First-lien assets take the cake in a year with strong H1 origination numbers…
Assets originated by business development companies are still overwhelmingly first-lien loans. Four of the past five quarters, those assets have been more than 70 percent of the new originations.
The snapshot shows that BDCs may be sensitive to market sentiment as they originate assets. The fourth quarter of last year, when volatility reigned, and the second quarter of this year, with the hint of worrying economic data, saw the largest number of first-lien assets originated.
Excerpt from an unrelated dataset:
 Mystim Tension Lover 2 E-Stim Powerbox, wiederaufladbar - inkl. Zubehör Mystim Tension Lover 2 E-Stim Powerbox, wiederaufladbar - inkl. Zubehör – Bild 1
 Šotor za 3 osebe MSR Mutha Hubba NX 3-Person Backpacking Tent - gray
Total origination for the year appears relatively robust, if not on track to meet last year’s total. The $19.19 billion originated in the first half of the year is more than the total amount of assets originated in 2016 and almost three-quarters the amount originated in 2017.
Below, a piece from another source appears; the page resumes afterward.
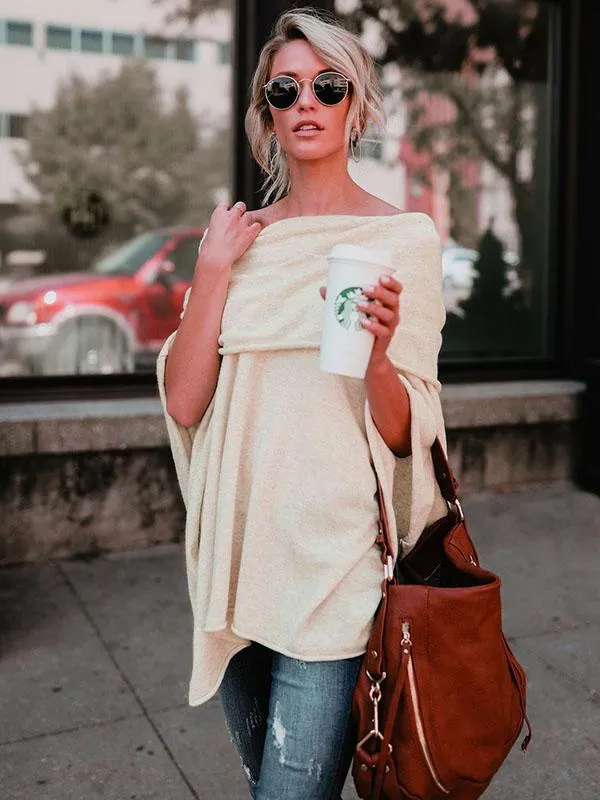Sweet Solid Blouses&shirts Tops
…which is causing an uptick in total first-lien assets held
As the credit cycle has worn on, the amount of first-lien loans held by BDCs has increased. Looking back at the fourth quarter of 2016, only 54.14 percent of total BDC assets were first lien; by the second quarter of this year, that number had increased to 66.56 percent.
The amount of subordinated debt has noticeably decreased from 12.72 percent down to 5.47 percent. Part of the decrease may have come from BDCs with heavy mezzanine exposure like Triangle Capital Corporation (now Barings BDC) being sold.
More BDC assets trade at distressed prices on the secondaries market than among all the secondaries market holdings
Of the overall secondaries market, 2.7 percent is considered distressed. For BDC assets, however, that number is 4.8 percent. Among those names are retail and energy businesses – two sectors that have seen more than their share of financial distress in recent years.
FS Investments’ private business development companies – FS Investment Corporation II, FSIC III, FSIC IV and FS Energy and Power Fund – lead the way in holdings of the top 10 loans that have lost the most value this year. The FS vehicles hold five of the 10 positions.
Institutional investors are getting BDC fever
BDC capital raised by type can fluctuate annually, but in recent years institutional investors have warmed to the vehicles. While many institutional investors prefer private funds, the total institutional capital collected by BDCs has risen since 2015. That increase has come in both the actual dollars raised and the percentage of private institutional capital compared with other sources of BDC capital.
A number of BDCs have taken advantage of this in recent years as they raised substantial capital in the private markets before going public, the most recent two being Bain Capital Specialty Finance and Owl Rock Capital Corporation.